Amid overwhelming stress and deep sorrow, it’s easy to convince ourselves that 2020 is turning out to be anything but the year we prayed for. On the other hand, maybe– just maybe – 2020 has been exactly the year for which we prayed.
2020 stripped us of the comfortable and destroyed our expectations of entitled “normalcy.” It exposed deep-rooted sin, division in the church and corruption in our world. But for all the turmoil, 2020 has given us exactly what we have asked. More believers are on their knees in prayer. Revivals are rising up across our country – including at the very intersection where George Floyd was killed – and people are rediscovering Jesus or finding him for the first time. The local and global Church is unifying its mission and reaching out to the hurting, the hungry and the lost.
Pastors and Christian leaders alike have risen the possibility that perhaps God is allowing us the opportunity to make room for Him again:
Ryan Delling a Christian ministry leader in New York recently shared the following on his blog, Delling Ministry “I want to suggest that what is happening in this season of pause is that the Lord, in His wisdom and grace, is exposing areas of skewed structure and that He is doing this to prepare us for an immediately-following great revival. He is doing this at every level simultaneously in the Christian world: in our church structures, ministries, finances, priorities, and personal spiritual lives. We have built the American church by using the structures of the world. We have ordered our lives around productivity, busyness, and success. We have looked out for ourselves and not our neighbors. We have talked about the gospel and not lived it out in our own families. As churches and pastors, we are so busy building our own ministries that we have no concept of the Ekklesia (the regional church). And suddenly, in a matter of days, everything stopped. Things that were causing our vision to be clouded in these areas were all stripped away and all at once.”
A Barna Webcast titled “Caring for Souls in a New Reality” also highlights the good coming from this year of crisis:
“I think part of the benefit—if I could put it that way—of a crisis is that it reveals the flaws and the weaknesses that we’ve [as the Church] tolerated over the years,” said Soong-Chan Rah, Professor of Church Growth and Evangelism at North Park University. “When a crisis like this hits, we’re forced to face some of these challenges that we’ve allowed to fester for many years.”

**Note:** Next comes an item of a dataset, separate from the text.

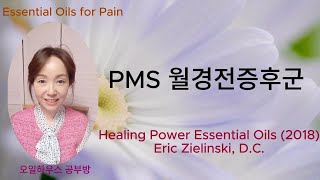 PMS 월경전증후군 [upl. by Chrysa622]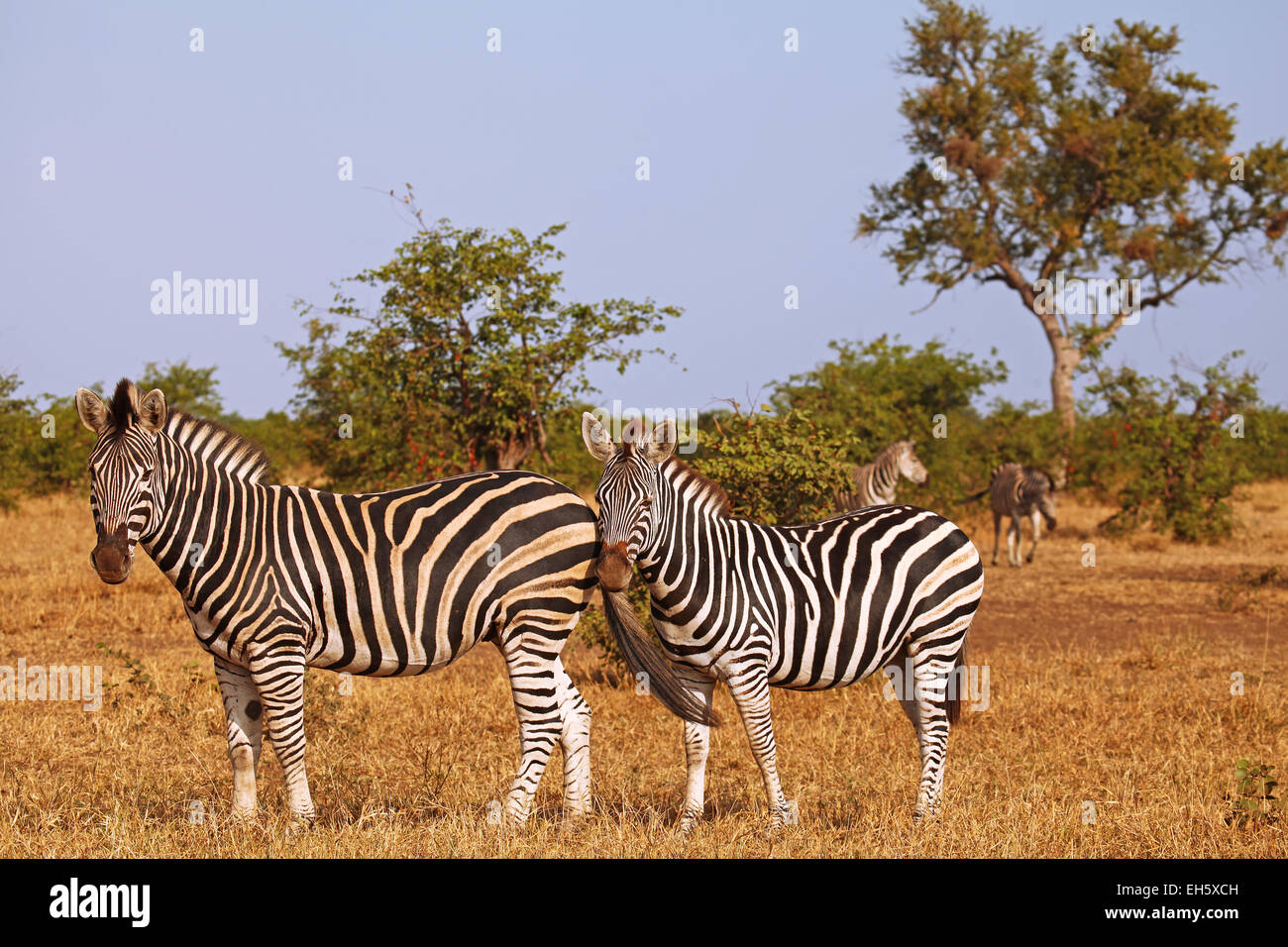 Plains Zebras,  Kruger NP, South Africa, Equus quagga Stock Photo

“I think one of the really positive things I’ve seen is the emphasis on ‘the Church is the people and not the building,’” Bobby Gruenewald, Pastor and Innovation Leader at Life.Church points out. “People say those words a lot of times, but until you’re forced into this reality, I don’t think people fully comprehend that. I see pastors really embracing this notion that this is not our building anymore, it’s really about the flock, the community and the people that are there.”
One thing that has been made clear in 2020 is the faithfulness of God. Amid chaos, He is there. In the aftermath of tragedy, His love and truth remain. He is at work in the life of an individual and within His body that is the Church.
May we learn to see the year 2020 with gospel-informed clarity and allow the Lord to work even beyond our expectations or plans, and in the depth of our sorrow and distress.